I'm not sure that Spitfire have had torsionaly stiffer wing that Bf 109, at least not until late 1944/early 45 when Mk.18 emerged, or perhaps until Mk.21 emerged. 109E was rolling at much greater rate until 250 mph indicated speed, the Spitfire taking the slight lead past 320 mph indicated.
Bf 109E was much easier to enter a dive and keep the advantage. External ballistics of the MH FFM and MG 17 were close enough, the Spitfire was a bigger aircraft thus easier to spot and hit. Spitfire's (and Hurricane's) armament was far from perfect during the BoB, level of criticysm ranging from mild to harsh.
In order to be outclassed, the 'winner' need to trash the 'looser' by a wide margin. Talk Corsair vs. Zero, or Bf 109 vs. Hurricane. Not the case with Bf 109E vs. BoB Spitfires.

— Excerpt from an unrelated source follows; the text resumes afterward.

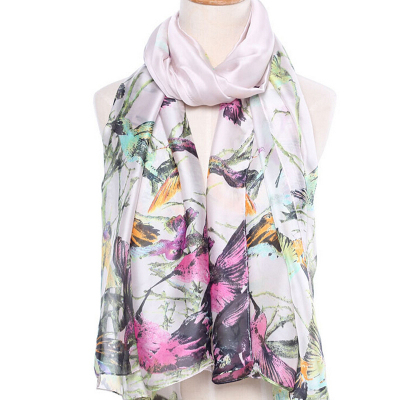 The new lady prints a silk scarf with a silk scarf and a silk scarf.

Even if the BF-109E had been the equal of the Mk.1, it wouldn't have been enough. The Spitfires had an inherent operational advantage by flying over home turf. The BF-109E needed to overmatch the Spitfire to win, which it did partially through tactics and pilot skill, but not in performance.

No quarrels about this. Germany needed far more assets and much different approach to kill the RAF in 1940, vs. what they have had historically.

I meant that each individual choice hampered the design, not that the engine and motor cannon resulted in poor landing gear geometry... even though that is partially true.
I think the unsuitability of their designs for mass production (trainers on up) made their lack of funds even worse.

Once again - the choice of engine layout and wepon layout have had no bearing on landing gear geometry; the prototypes for fighter competition were powered by up-right V12 without provision for engine cannon. Might also check out the He 112 and 110.
Germany ramped up production of military hardware as ww2 went on, granted some designs & choices hampered them in that area. Talk Me 210, He 177 or Jumo 222 flops.

I'm not suggesting the Luftwaffe strap an R1820 onto a BF-109 airframe, but rather a clean-sheet design. Single row radial engines are easier to build and maintain than V12s. With careful layout and detail design, I estimate that an R1820 powered fighter could meet or exceed Spitfire MK.IX levels of performance on 87 octane gas with roughly BoB level of technology.

Hopefully you will elaborate a bit on this.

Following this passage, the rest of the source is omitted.